L’association suisse Protell vient de publier une note indiquant qu’en Suisse les armes de service restent entre les mains des citoyen-soldat.

Le 16 juin, le Conseil national a rejeté la proposition de retirer leurs armes d’ordonnance aux propriétaires qui ne pratiquent plus le tir sportif.
Par cette décision, le Parlement a réaffirmé sa confiance dans l’armée helvétique et adressé un refus clair à une politique de désarmement symbolique.

A l’origine de cette affaire une étude du Bureau fédéral de l’égalité entre femmes et hommes qui mettait en avant les risques de féminicides avec des armes remises par l’armée aux militaires après les avoir libérés de leurs obligations y compris aux personnes qui ne pratiquaient pas le tir sportif.
En réponse à cette attaque, Protell a déposé le 27 avril 2026, une pétition signée par 22 468 citoyens Suisses auprès de la Chancellerie fédérale. Un signal fort contre les atteintes arbitraires aux droits fondamentaux.

Le SIG SG 550 en calibre avec le 5,56 OTAN, est l’actuelle arme d’ordonnance Suisse.

Un bel exemple qui montre, s’il fallait le prouver encore, que le nombre fait la différence.

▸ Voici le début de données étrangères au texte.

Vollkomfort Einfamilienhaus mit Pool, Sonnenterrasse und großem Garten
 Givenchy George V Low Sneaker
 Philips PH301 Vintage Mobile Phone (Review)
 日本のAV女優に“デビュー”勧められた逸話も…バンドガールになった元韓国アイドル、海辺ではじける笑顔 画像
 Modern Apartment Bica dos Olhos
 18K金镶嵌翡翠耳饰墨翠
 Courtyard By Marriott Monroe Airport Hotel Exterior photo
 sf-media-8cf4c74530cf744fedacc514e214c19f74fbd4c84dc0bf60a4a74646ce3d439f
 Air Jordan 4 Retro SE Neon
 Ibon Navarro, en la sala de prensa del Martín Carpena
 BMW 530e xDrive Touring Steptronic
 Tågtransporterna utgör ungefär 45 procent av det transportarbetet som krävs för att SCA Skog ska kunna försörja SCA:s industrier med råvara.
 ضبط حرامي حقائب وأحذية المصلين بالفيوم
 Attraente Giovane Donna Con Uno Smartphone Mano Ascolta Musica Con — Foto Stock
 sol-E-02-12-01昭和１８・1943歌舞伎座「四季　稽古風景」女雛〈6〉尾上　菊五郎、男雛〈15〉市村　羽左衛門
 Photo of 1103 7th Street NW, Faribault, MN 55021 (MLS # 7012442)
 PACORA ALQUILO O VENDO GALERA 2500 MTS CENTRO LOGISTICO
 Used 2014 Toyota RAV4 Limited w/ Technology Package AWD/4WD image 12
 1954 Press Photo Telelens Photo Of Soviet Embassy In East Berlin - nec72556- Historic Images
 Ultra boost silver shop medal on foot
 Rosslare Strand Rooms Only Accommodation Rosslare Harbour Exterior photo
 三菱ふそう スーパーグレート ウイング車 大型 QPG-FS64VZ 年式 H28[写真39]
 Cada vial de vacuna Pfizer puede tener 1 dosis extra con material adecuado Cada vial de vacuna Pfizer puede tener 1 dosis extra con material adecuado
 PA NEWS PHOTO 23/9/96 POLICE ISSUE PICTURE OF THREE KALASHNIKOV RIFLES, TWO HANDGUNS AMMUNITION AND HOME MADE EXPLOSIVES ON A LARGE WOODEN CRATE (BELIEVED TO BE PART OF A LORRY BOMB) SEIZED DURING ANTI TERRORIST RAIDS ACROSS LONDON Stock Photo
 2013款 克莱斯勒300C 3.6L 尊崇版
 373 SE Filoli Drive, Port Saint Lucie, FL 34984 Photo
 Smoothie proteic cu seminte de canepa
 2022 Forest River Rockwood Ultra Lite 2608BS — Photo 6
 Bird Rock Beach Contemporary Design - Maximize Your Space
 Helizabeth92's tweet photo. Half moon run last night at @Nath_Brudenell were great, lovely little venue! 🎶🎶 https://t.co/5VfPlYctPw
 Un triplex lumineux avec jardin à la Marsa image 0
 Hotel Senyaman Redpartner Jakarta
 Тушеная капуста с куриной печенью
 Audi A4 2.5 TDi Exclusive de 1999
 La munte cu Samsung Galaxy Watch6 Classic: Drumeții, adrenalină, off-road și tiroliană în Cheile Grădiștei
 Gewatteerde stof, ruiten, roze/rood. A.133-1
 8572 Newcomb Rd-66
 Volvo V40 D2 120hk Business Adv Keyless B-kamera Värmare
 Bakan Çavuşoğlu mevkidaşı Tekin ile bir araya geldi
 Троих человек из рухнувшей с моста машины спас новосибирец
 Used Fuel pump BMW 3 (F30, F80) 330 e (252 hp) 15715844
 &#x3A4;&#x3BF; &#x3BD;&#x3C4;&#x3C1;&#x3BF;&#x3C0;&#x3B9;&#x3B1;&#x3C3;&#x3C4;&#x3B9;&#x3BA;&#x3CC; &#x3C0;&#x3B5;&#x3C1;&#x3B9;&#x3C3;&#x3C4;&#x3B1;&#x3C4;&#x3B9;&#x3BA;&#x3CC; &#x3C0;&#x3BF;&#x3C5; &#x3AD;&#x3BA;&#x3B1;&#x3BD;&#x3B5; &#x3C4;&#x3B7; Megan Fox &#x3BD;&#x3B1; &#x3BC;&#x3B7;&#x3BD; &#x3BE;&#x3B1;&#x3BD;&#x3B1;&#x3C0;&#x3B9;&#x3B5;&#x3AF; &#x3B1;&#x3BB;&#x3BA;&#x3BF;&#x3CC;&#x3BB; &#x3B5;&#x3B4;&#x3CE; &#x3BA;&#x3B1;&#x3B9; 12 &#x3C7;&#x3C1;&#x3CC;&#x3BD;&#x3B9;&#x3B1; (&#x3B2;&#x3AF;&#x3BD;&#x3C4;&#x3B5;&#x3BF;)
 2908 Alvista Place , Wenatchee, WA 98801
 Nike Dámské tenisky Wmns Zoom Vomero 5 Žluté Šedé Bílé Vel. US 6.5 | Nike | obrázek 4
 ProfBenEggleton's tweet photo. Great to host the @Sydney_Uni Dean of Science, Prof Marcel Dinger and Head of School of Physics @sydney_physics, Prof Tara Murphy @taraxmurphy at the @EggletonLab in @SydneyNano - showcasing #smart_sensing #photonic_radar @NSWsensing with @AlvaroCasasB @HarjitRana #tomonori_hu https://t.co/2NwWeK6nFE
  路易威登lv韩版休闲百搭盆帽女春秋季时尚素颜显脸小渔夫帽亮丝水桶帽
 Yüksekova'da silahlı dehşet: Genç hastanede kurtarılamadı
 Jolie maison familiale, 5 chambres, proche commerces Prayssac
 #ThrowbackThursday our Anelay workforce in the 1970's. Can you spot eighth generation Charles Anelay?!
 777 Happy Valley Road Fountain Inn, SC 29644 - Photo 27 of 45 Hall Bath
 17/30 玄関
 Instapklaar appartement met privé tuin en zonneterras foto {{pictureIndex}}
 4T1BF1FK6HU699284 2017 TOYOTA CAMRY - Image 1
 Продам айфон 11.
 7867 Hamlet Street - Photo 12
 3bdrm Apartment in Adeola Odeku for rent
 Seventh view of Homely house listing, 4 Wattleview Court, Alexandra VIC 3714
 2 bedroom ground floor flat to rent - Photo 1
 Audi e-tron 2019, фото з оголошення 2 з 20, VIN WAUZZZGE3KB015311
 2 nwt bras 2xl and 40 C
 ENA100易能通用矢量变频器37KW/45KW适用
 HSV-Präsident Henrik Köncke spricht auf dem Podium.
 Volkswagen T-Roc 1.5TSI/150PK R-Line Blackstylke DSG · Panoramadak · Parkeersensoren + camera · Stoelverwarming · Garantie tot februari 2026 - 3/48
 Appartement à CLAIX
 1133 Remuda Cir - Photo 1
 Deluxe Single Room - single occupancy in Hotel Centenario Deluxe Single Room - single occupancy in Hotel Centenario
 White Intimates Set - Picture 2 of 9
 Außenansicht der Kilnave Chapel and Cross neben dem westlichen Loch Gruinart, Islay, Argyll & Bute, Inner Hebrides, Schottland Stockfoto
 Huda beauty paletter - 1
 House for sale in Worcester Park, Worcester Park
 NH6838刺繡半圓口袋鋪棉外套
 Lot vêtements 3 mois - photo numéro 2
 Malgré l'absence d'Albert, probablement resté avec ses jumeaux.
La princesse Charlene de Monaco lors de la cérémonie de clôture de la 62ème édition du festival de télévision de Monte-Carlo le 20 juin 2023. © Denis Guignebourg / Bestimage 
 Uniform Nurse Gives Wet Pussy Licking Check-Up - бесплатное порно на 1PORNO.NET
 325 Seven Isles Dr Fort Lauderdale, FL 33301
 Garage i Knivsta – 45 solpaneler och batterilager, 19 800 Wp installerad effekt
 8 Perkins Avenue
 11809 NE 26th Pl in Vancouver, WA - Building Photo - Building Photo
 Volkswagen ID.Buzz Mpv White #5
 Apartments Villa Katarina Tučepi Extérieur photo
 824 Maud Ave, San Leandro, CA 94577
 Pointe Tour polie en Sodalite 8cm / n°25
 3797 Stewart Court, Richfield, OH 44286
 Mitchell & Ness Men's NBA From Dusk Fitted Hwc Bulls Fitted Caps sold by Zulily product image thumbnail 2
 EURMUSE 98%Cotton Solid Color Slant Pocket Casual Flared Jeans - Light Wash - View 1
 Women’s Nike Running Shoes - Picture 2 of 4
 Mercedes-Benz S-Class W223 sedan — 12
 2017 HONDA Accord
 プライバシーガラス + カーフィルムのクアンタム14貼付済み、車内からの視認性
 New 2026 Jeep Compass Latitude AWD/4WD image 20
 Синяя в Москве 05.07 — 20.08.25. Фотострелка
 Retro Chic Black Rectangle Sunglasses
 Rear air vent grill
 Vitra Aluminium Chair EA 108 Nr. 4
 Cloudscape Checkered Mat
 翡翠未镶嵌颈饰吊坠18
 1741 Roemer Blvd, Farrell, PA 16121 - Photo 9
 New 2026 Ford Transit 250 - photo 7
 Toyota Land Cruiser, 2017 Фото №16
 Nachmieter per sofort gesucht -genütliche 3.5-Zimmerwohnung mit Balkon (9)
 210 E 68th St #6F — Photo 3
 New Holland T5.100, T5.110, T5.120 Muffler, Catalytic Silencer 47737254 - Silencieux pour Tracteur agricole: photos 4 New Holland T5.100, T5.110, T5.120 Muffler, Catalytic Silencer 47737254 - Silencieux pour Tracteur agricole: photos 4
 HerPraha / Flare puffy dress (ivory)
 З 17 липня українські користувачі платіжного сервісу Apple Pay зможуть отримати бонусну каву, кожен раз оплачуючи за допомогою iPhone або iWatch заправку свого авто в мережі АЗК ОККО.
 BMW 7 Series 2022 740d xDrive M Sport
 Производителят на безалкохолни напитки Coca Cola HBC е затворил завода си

Un succès qui fait écho à ce qui se passe au Canada depuis plusieurs mois, où les détenteurs légaux d’armes à feu se battent pour conserver leurs armes.

Appel à la mobilisation

Lors du classement des armes en A1-11° les tireurs français n’avaient rassemblé que quelques dizaines de signataires. Souhaitons que les efforts déployés par l’UFA depuis incitent davantage de tireurs sportifs à rejoindre ses rangs pour faire face aux nouveaux défis, que la politique nationale de contrôle des armes à feu pourrait faire naître.